> **INSTRUCTIONS FOR THE TASK**
All lines from the one containing "Heimat Cotton Canvas" through the last line of the listing below are to be copied exactly. Exclude the pictures.

> **GIVEN MATERIAL**
________

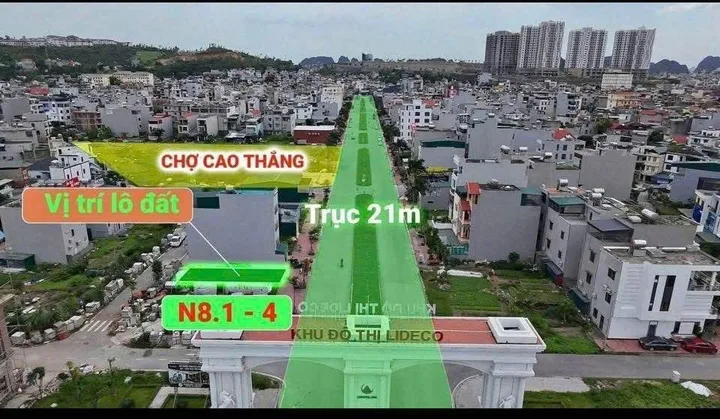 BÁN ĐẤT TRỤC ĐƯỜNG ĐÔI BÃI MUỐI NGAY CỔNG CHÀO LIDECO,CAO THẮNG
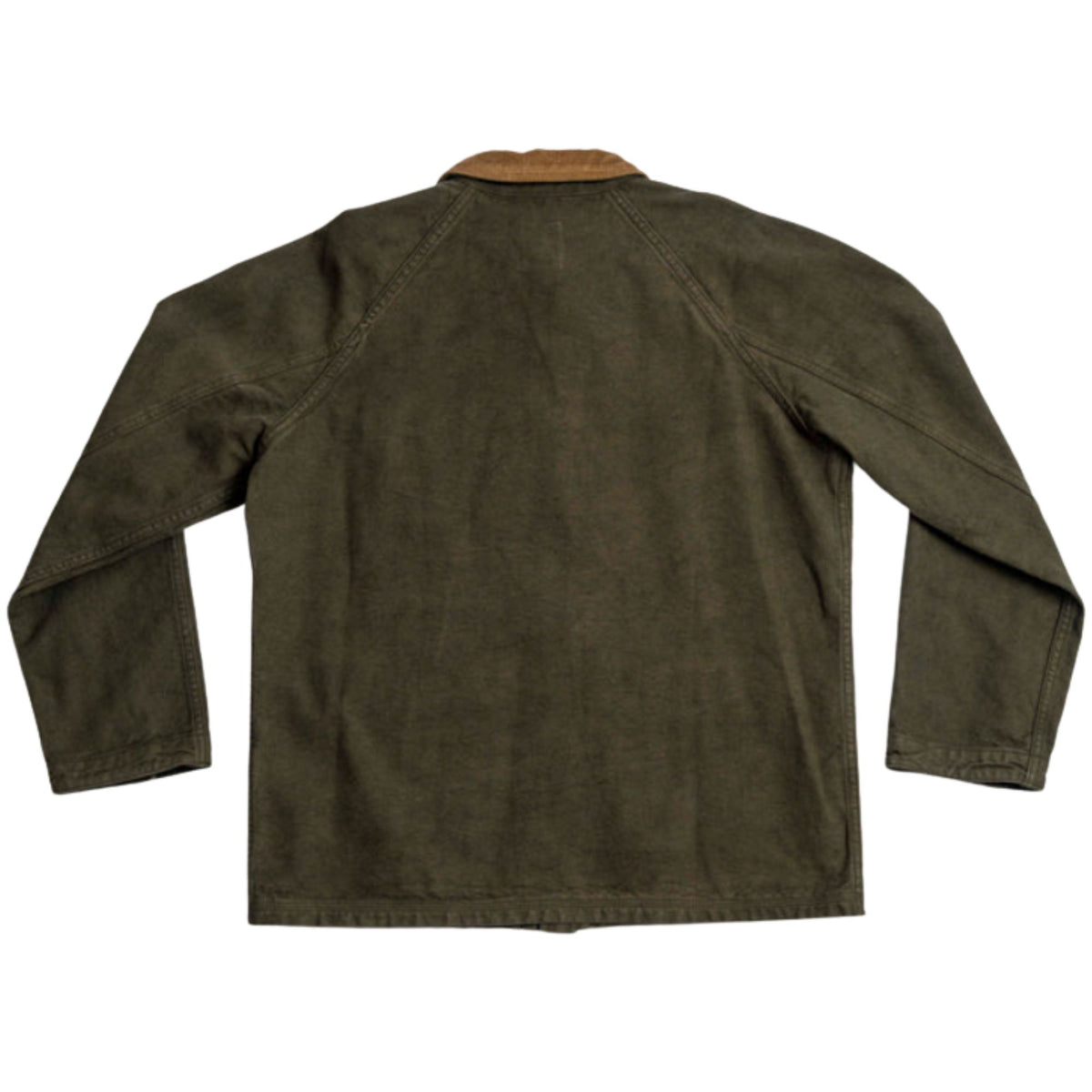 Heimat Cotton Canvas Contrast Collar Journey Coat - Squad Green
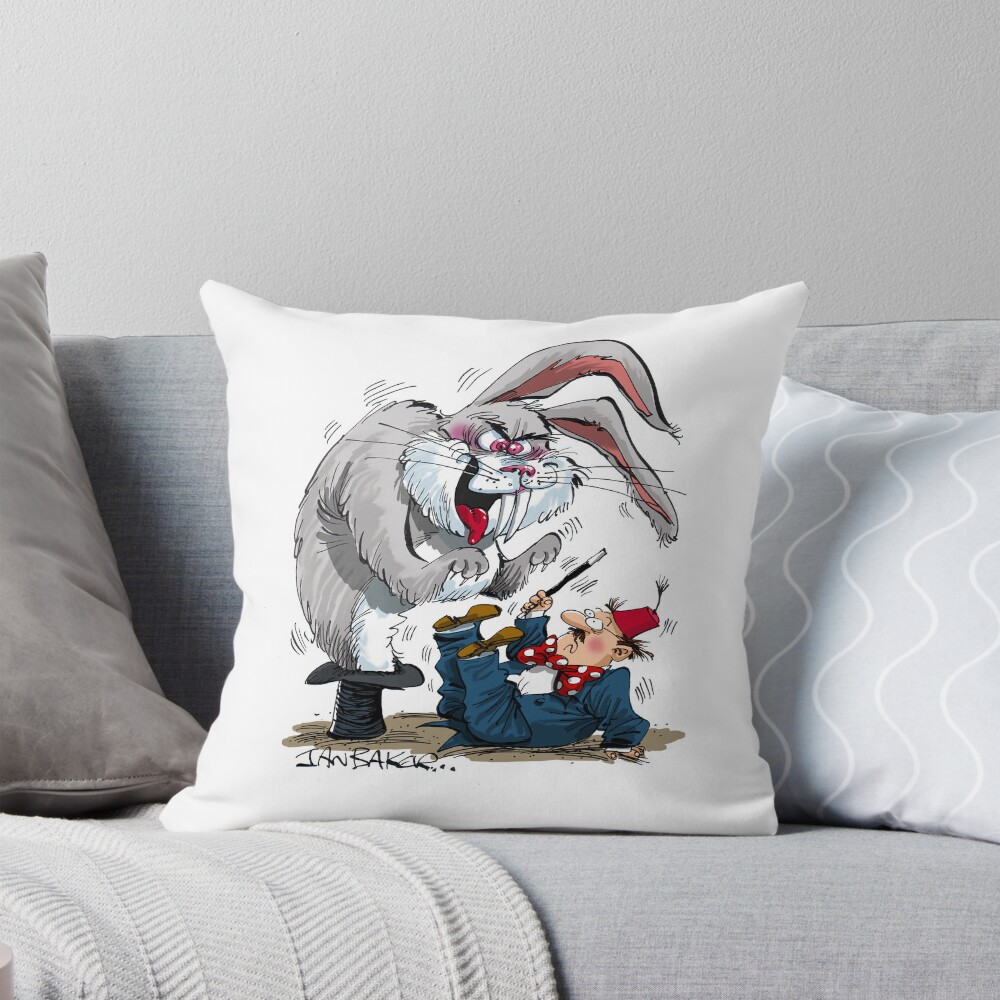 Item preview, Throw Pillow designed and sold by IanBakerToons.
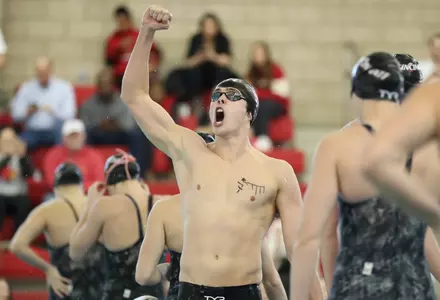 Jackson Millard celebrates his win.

________

> **SOLUTION TO THIS EXERCISE**
 Heimat Cotton Canvas Contrast Collar Journey Coat - Squad Green
 Item preview, Throw Pillow designed and sold by IanBakerToons.
 Jackson Millard celebrates his win.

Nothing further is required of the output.